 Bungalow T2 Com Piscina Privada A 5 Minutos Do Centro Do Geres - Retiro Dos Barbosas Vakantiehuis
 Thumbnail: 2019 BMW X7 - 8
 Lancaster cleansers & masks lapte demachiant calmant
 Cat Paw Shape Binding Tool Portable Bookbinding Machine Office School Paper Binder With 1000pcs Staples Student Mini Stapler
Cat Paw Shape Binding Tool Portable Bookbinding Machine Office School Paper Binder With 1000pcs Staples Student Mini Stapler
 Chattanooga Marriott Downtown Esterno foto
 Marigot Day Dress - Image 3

* * *

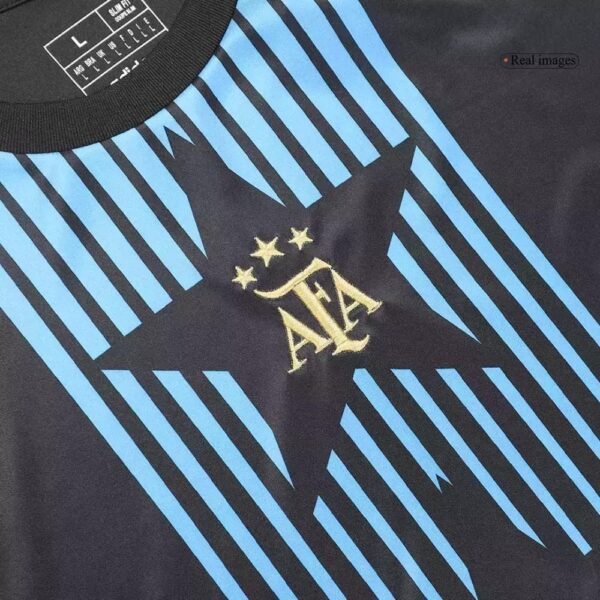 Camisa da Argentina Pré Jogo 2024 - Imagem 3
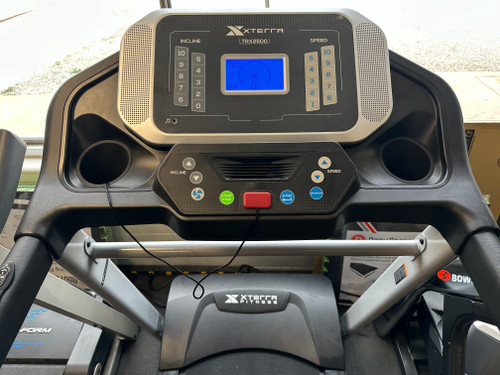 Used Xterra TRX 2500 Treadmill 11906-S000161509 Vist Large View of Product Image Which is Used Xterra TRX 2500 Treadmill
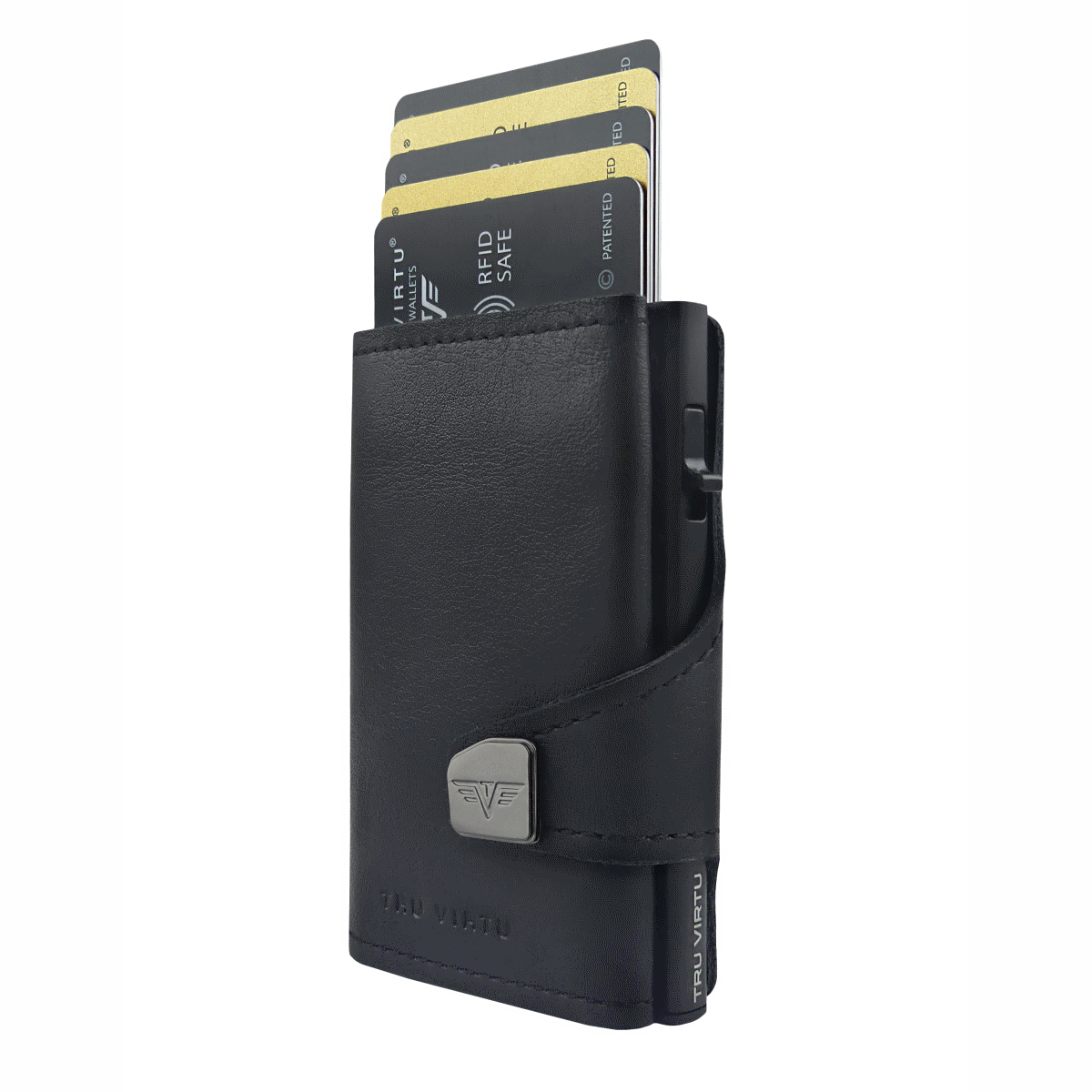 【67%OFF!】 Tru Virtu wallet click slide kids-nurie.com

* * *

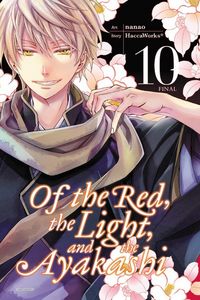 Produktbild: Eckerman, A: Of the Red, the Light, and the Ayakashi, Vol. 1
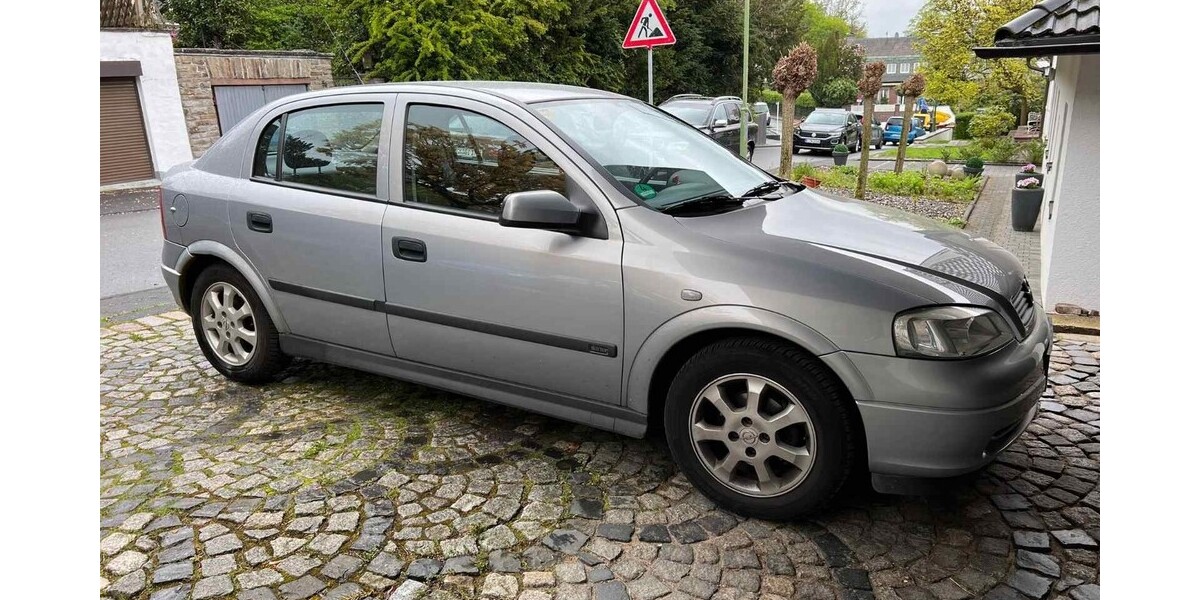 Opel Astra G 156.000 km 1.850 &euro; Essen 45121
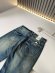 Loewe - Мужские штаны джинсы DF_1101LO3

* * *

* **What this task involves**:
Count the lines of the data that contain the word "Staples", and give only that number.

* **Answer space**:
2